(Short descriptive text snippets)
= = = =

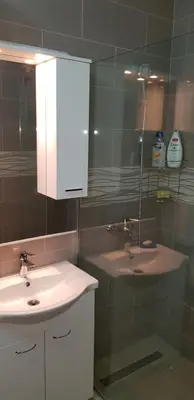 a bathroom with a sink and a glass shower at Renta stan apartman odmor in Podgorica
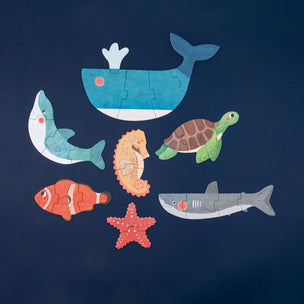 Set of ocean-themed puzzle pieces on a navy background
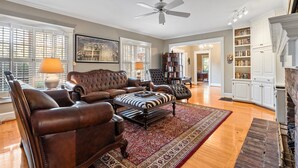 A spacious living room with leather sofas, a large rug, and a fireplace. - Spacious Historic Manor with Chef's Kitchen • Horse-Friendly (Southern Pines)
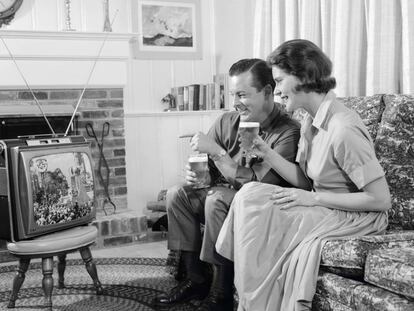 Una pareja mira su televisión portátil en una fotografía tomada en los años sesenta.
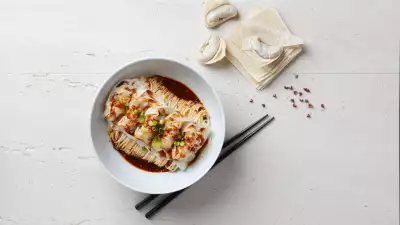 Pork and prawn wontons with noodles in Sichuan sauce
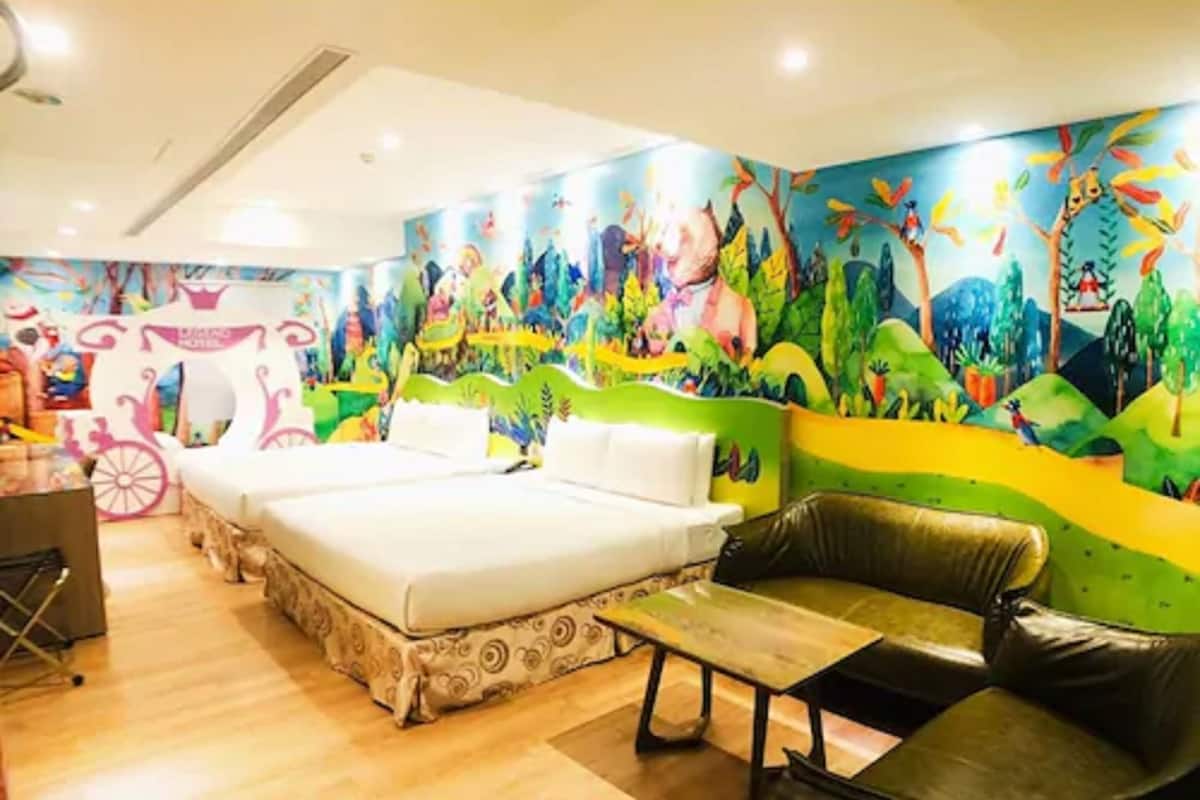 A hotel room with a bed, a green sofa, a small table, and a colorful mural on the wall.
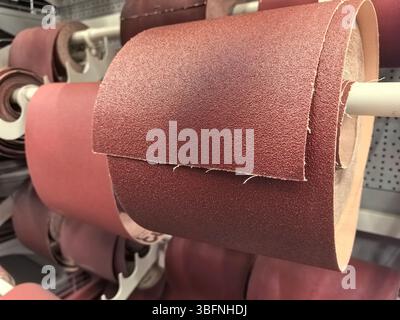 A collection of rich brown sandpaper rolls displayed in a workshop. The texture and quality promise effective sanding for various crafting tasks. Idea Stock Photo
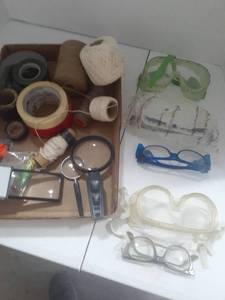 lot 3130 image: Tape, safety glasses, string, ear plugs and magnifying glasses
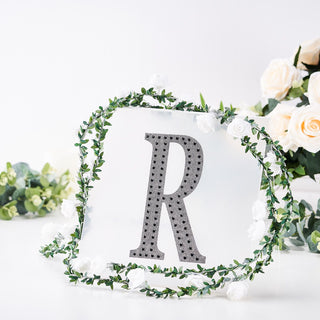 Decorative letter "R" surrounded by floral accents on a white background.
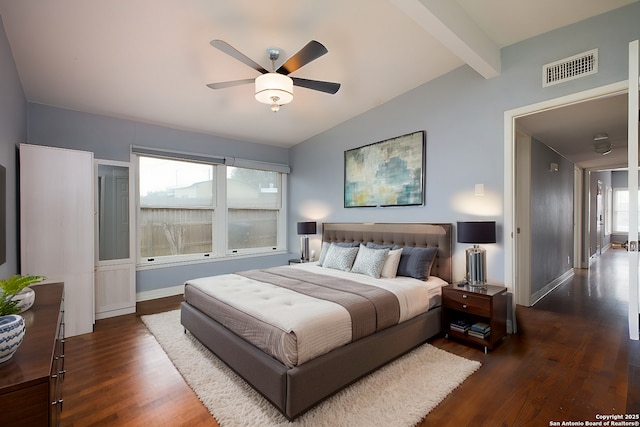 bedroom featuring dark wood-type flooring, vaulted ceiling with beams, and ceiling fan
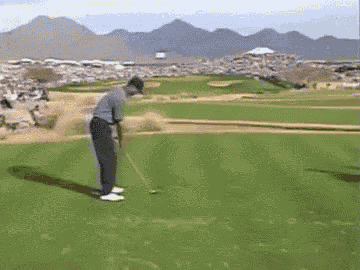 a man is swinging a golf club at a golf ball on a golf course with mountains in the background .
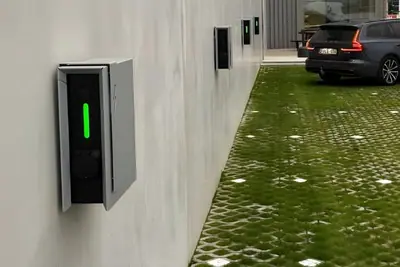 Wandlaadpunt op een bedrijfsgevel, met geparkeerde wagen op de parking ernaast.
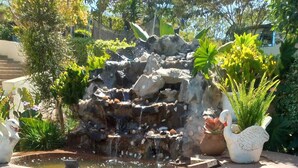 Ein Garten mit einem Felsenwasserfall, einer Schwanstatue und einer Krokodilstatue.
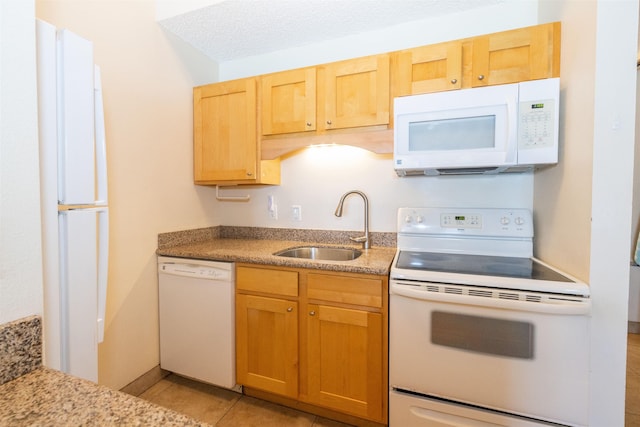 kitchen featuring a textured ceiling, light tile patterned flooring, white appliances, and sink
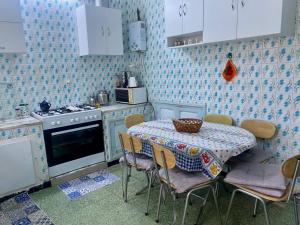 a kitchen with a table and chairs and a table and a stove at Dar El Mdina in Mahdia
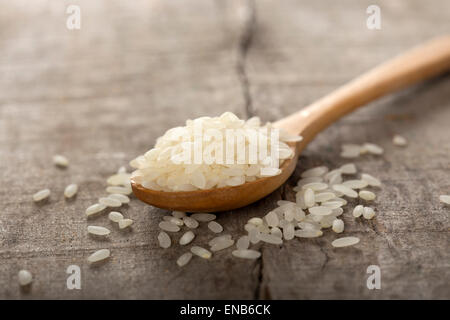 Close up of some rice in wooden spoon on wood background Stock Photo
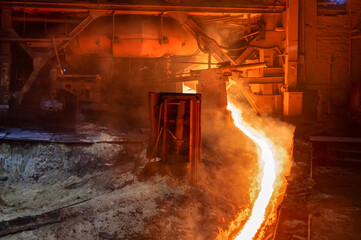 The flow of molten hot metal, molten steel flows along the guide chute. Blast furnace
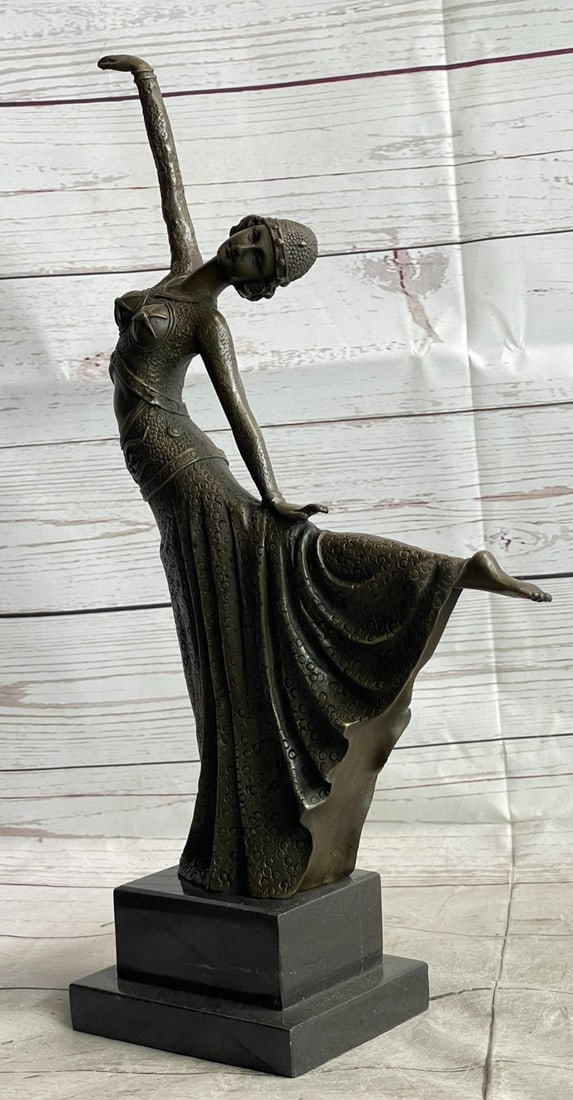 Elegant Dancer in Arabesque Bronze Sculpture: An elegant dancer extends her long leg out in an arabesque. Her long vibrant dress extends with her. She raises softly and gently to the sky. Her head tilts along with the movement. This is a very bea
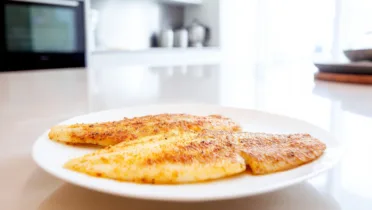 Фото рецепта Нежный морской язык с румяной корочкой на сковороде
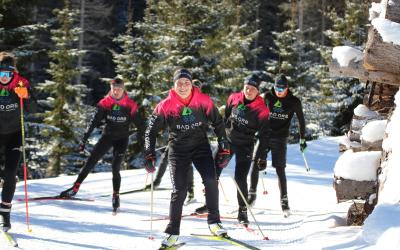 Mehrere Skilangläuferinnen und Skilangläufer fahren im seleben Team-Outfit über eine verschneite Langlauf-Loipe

= = = =

» EXERCISE DETAILS
Each line between the one holding "Set of ocean-themed" and the one holding "The flow of", inclusive, should be copied exactly as it appears above, and pictures should be omitted.

» SOLUTION FOR THIS TASK
 Set of ocean-themed puzzle pieces on a navy background
 A spacious living room with leather sofas, a large rug, and a fireplace. - Spacious Historic Manor with Chef's Kitchen • Horse-Friendly (Southern Pines)
 Una pareja mira su televisión portátil en una fotografía tomada en los años sesenta.
 Pork and prawn wontons with noodles in Sichuan sauce
 A hotel room with a bed, a green sofa, a small table, and a colorful mural on the wall.
 A collection of rich brown sandpaper rolls displayed in a workshop. The texture and quality promise effective sanding for various crafting tasks. Idea Stock Photo
 lot 3130 image: Tape, safety glasses, string, ear plugs and magnifying glasses
 Decorative letter "R" surrounded by floral accents on a white background.
 bedroom featuring dark wood-type flooring, vaulted ceiling with beams, and ceiling fan
 a man is swinging a golf club at a golf ball on a golf course with mountains in the background .
 Wandlaadpunt op een bedrijfsgevel, met geparkeerde wagen op de parking ernaast.
 Ein Garten mit einem Felsenwasserfall, einer Schwanstatue und einer Krokodilstatue.
 kitchen featuring a textured ceiling, light tile patterned flooring, white appliances, and sink
 a kitchen with a table and chairs and a table and a stove at Dar El Mdina in Mahdia
 Close up of some rice in wooden spoon on wood background Stock Photo
 The flow of molten hot metal, molten steel flows along the guide chute. Blast furnace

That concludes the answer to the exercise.